What is being asked: Starting at the line with "Christmas Campers Print", copy each line through the last one below exactly as written, without any pictures.

○ ○ ○ ○ ○

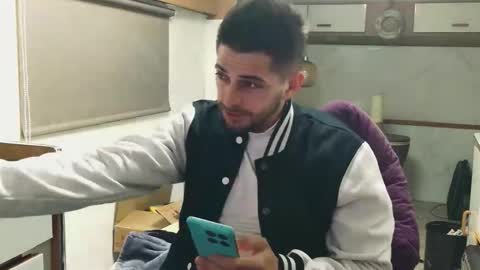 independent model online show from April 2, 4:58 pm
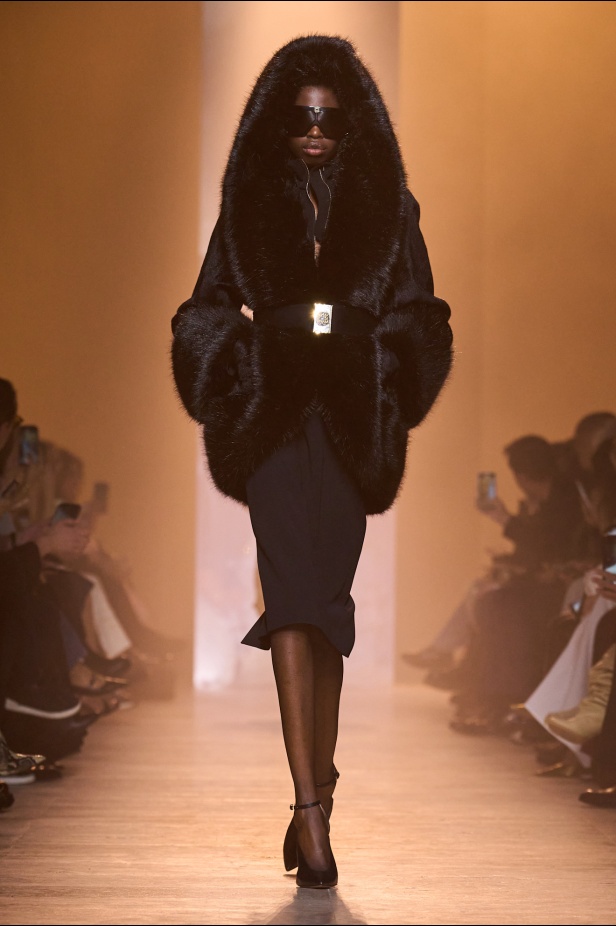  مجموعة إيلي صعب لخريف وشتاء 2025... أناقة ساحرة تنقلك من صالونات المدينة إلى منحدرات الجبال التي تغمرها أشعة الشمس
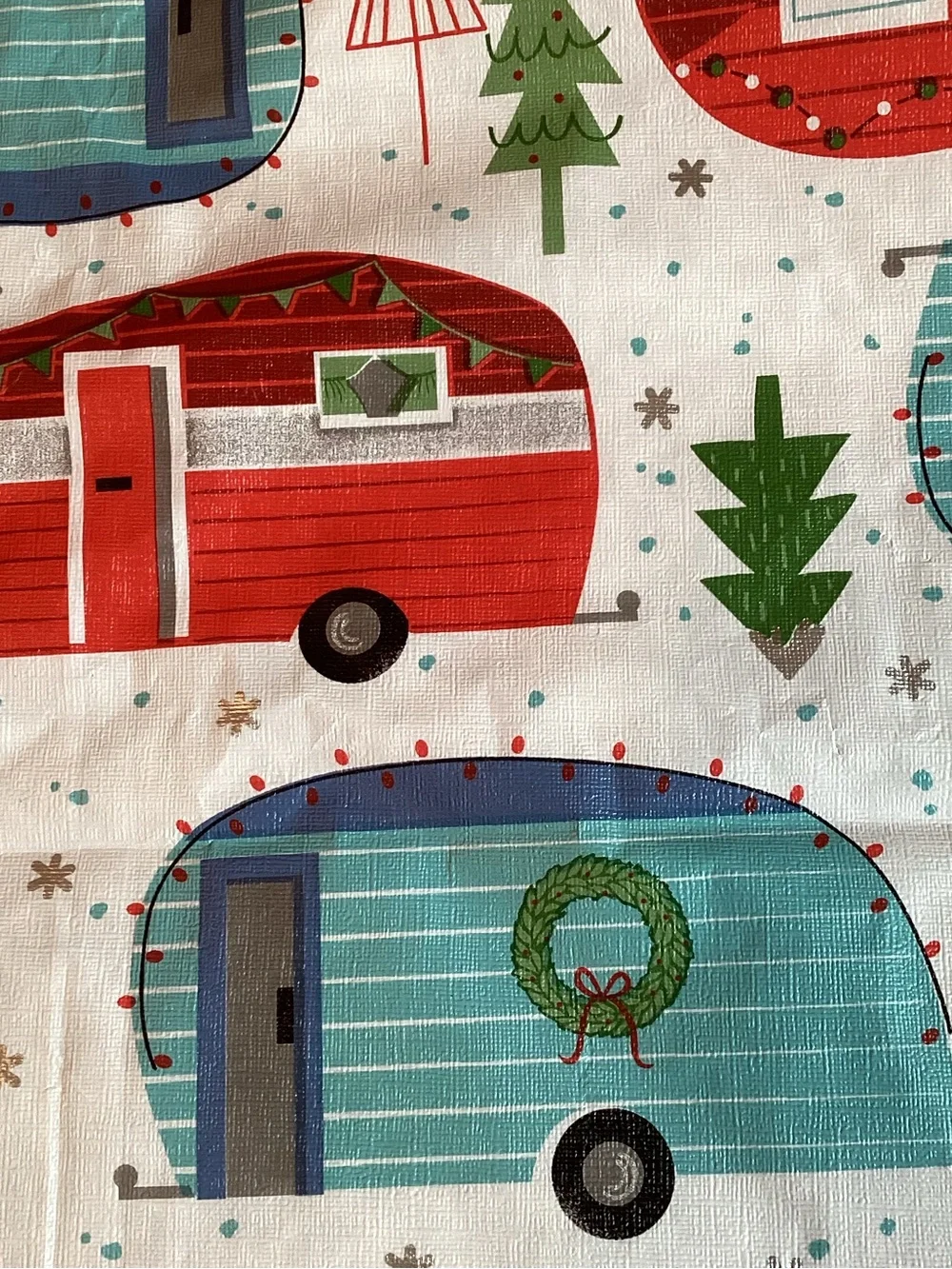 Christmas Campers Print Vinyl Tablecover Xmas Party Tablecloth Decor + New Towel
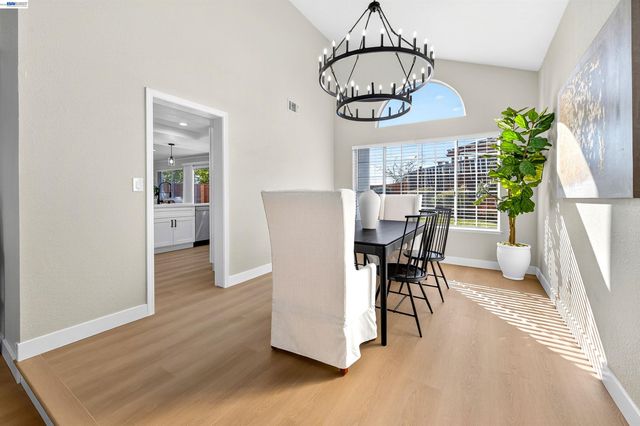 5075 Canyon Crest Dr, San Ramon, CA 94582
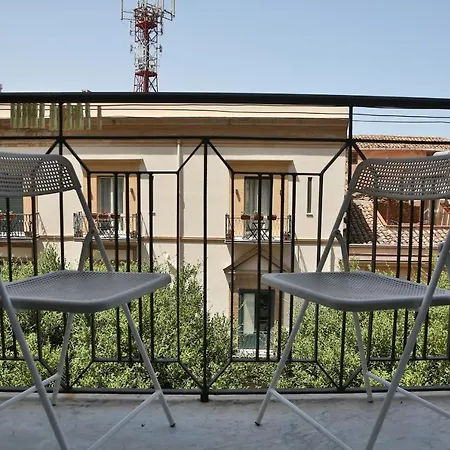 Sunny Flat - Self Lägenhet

○ ○ ○ ○ ○

Output below:
 Christmas Campers Print Vinyl Tablecover Xmas Party Tablecloth Decor + New Towel
 5075 Canyon Crest Dr, San Ramon, CA 94582
 Sunny Flat - Self Lägenhet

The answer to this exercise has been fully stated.